This post is a continuation of my previous article on the Montreux Jazz Festival. In this post, we will focus on the generation of a pretty nice map of the artists of the MJF linked by their musical similarity.
You can navigate through the map of artists of the festival using your mouse or using the search box on the top right.
The search box is a bit special. You can either type an artist name or a location. If you start typing results will autocomplete underneath. In case you type a location, the suggestions proposed are artists originating from this particular location. Just use your keyboard to select an artist and the map will zoom right on it.
The map has been created from scratch using an image from NASA. The zoom level is a bit limited because I host the thousands of tiles myself :). A deeper level of zoom expands into gigabytes of data.
What does it represent?
Each node (circle) on the map represents an artist who performed in the festival. The nodes are drawn onto the map according to the artist locations. Note that a lot of artists are not present because I couldn’t find the info. If you hover over a node, the map displays a popup with some information about the artist. More importantly, it shows links to other artists of the festival. In fact, this visualization is only about displaying the network of artists of the festival linked by their musical similarity.
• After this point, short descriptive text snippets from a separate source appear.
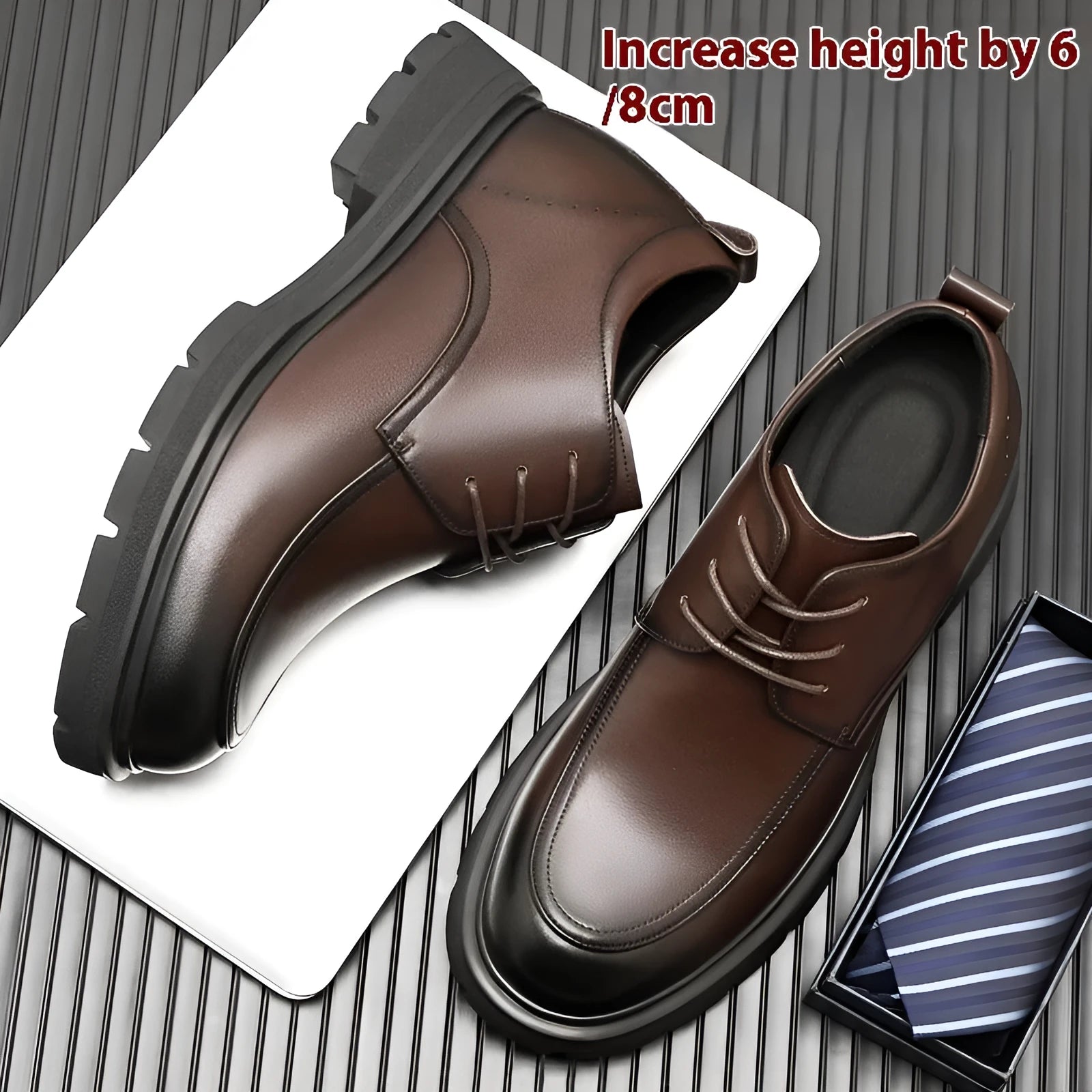 Height increasing formal leather shoes for men with 6cm lift, round toe, black colour, two-layer cowhide upper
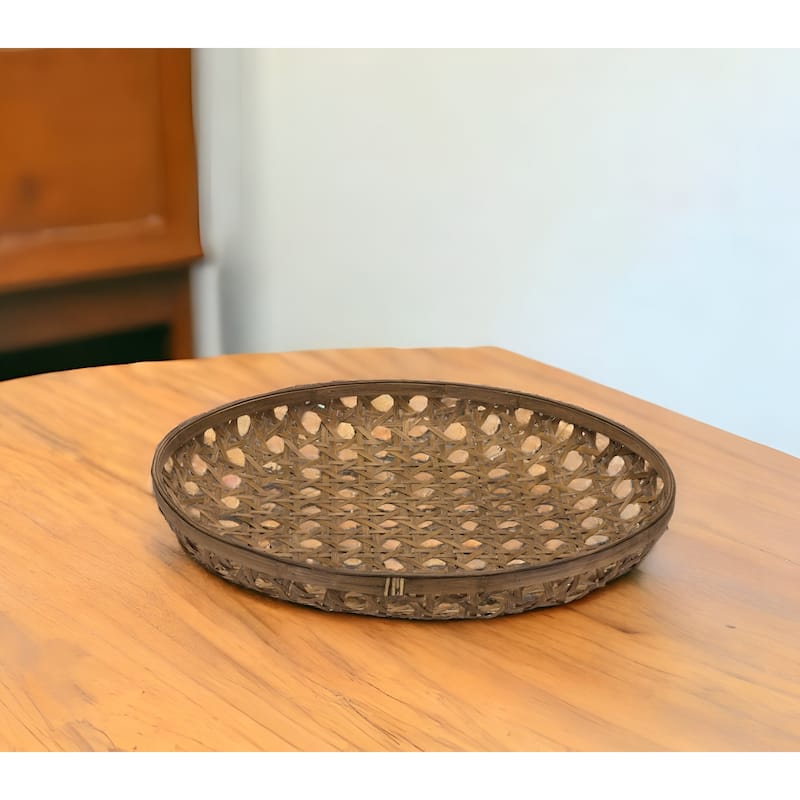 HomeRoots 26" Brown Bamboo Weave Round Wood Tray - Brown
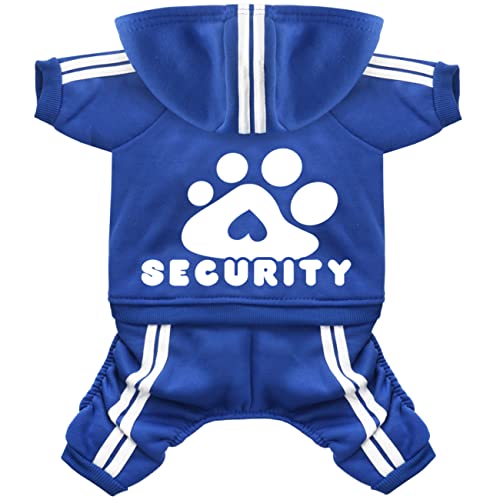 Otunrues Dog Hoodie 4 Legs Jumpsuit Security Print Pullover in Blue, X-Large for Medium to Large Dogs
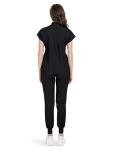 niaahinn Scrubs Set for Women Nurse Uniform Jogger Suit Stretch Top & Pants with Multi Pocket for Nurse Esthetician Workwear (Black, Large)
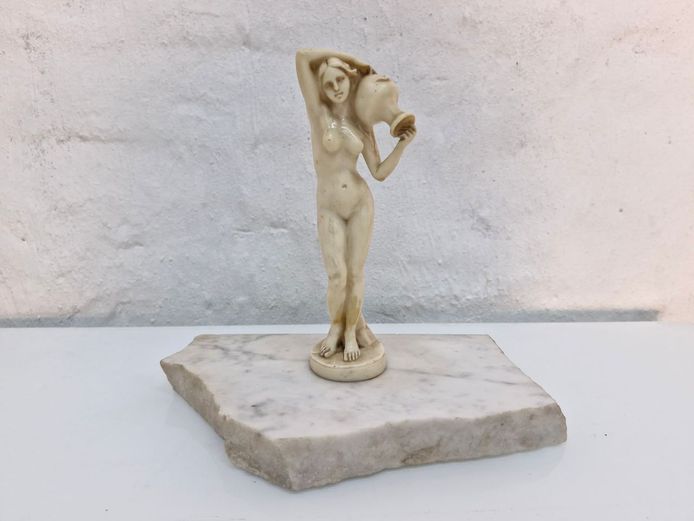 Vintage Resin Nude Female Figurine with Jug on Marble Base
The darker the node, the more connections it has.
How do you compute the musical similarity between artists?
Artists are actually linked together by comparing the songs they played in the festival. To compare songs together, we first need to extract some audio features. A feature is a compressed representation of a property of the underlying signal. For example, the BPM (beats-per-minute), the key and mode of a song can be considered as audio features. In our case, we extract a lot of properties from the songs such as the BPM, pitch, key, mode, energy, timbre and so forth. To get more info on audio features you can look at a lecture on the subject.
Those features take quite a lot of time to compute! Fortunately, we only need to compute them once for each song. To retrieve them in an effective manner when we want, they are stored in a database. In this particular setup, I use RethinkDB which is a pretty neat open-source NoSQL database. Check it out if you are interested.
Once we retrieve the features for each song, we compare them together. In the case of a small dataset, you can do a brute-force comparison of all the songs to all the others leading to (N x N-1) /2 comparisons. Imagine that you have a medium-sized dataset like the MJF with N = 30,000, it would lead to 449,985,000 comparisons! Far too costly for us.
Instead, we compute the approximate nearest neighbors of each song using random projections. Basically, it will very quickly return for each song a fixed number of neighbors that have (approximately) similar audio features. In other words, it gives me songs that sound the same but fast. The actual implementation uses Spotify’s Annoy library.
To each song is thus associated a list of similar neighbors. The perfect data structure to encode this song-to-song similarity is a graph (network) which can also be visualized.
Finally, we regroup all the songs by artist and we report the links between each song to the artists. Multiple links between two same artists are added. In technical terms, we reduce the graph using the generalized block modeling technique.
This concludes this post on the map of artists. I’ll make a more detailed blog post on how to create and visualize a graph of songs created by audio similarity soon.